Robots.txt is advisory, not enforcement. RFC 9309 describes it as a protocol that depends on crawler compliance. A well-behaved bot may check it early and follow it, but a malicious or non-compliant bot can ignore it. Anyone needing real protection should use authentication and application-layer security controls rather than relying on robots.txt.
Why did RFC 9309 matter, and when was it published?
RFC 9309 (Robots Exclusion Protocol) was published in September 2022. It matters because it formalized a long-running convention into an internet standard, clarifying mechanics such as group structure, user-agent matching, and rule resolution behavior. That clarity helps publishers and bot operators point to a shared baseline when policies are disputed.
If I block AI bots, will I disappear from AI answers?
It depends on which bots you block and how an AI provider sources information. The ecosystem includes different automated agents—training crawlers, search/retrieval crawlers, and user-triggered browsing. OpenAI, for example, documents multiple bots and encourages using robots.txt for management. Blocking one user agent may affect one function more than another.
What’s the difference between a crawler and a user-triggered agent visit?
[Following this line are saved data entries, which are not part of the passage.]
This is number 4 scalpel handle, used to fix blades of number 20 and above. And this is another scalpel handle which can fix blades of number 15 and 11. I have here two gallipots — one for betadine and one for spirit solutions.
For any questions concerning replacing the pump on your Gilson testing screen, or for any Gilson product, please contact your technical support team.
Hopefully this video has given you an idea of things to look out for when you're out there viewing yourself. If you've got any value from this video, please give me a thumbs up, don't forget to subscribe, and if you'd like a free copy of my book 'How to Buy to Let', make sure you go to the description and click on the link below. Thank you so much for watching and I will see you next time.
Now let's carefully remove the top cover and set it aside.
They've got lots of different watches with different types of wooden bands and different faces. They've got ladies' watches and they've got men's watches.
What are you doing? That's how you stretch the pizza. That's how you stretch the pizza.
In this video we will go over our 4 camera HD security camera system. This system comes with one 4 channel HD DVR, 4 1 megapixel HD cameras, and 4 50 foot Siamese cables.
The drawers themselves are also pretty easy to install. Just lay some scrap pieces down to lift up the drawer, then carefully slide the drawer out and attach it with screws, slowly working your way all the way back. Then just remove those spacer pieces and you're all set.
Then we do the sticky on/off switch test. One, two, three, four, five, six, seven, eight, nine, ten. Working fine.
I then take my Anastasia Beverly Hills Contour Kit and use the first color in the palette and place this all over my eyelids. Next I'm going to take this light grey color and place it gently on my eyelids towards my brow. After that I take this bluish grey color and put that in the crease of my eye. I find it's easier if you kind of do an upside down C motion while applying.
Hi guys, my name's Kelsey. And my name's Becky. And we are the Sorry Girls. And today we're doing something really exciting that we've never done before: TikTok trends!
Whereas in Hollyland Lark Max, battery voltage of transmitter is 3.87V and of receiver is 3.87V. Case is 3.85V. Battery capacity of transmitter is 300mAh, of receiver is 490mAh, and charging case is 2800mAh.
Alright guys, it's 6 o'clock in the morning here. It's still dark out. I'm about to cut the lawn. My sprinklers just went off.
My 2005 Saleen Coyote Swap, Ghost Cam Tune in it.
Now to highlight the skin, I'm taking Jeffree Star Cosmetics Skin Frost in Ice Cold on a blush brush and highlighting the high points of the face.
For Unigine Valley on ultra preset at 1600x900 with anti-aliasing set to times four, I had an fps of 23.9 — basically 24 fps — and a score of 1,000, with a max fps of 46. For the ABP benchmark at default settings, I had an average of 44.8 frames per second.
A crawler typically fetches content systematically for indexing, training collection, or search-style retrieval. A user-triggered agent visit happens because a person asked an AI system to open a specific URL as part of a task. From your server’s perspective, both are automated requests, but their purpose and policy treatment can differ—one reason governance is still confusing.
Which OpenAI bots can webmasters target in robots.txt?
OpenAI documents distinct user agents and positions robots.txt as the control mechanism. Two widely referenced examples are OAI-SearchBot (a named crawler with a published user-agent string in OpenAI documentation) and GPTBot, widely referenced as the training-oriented crawler that can be disallowed via robots.txt. Targetable tokens enable more granular choices than a blanket allow or deny.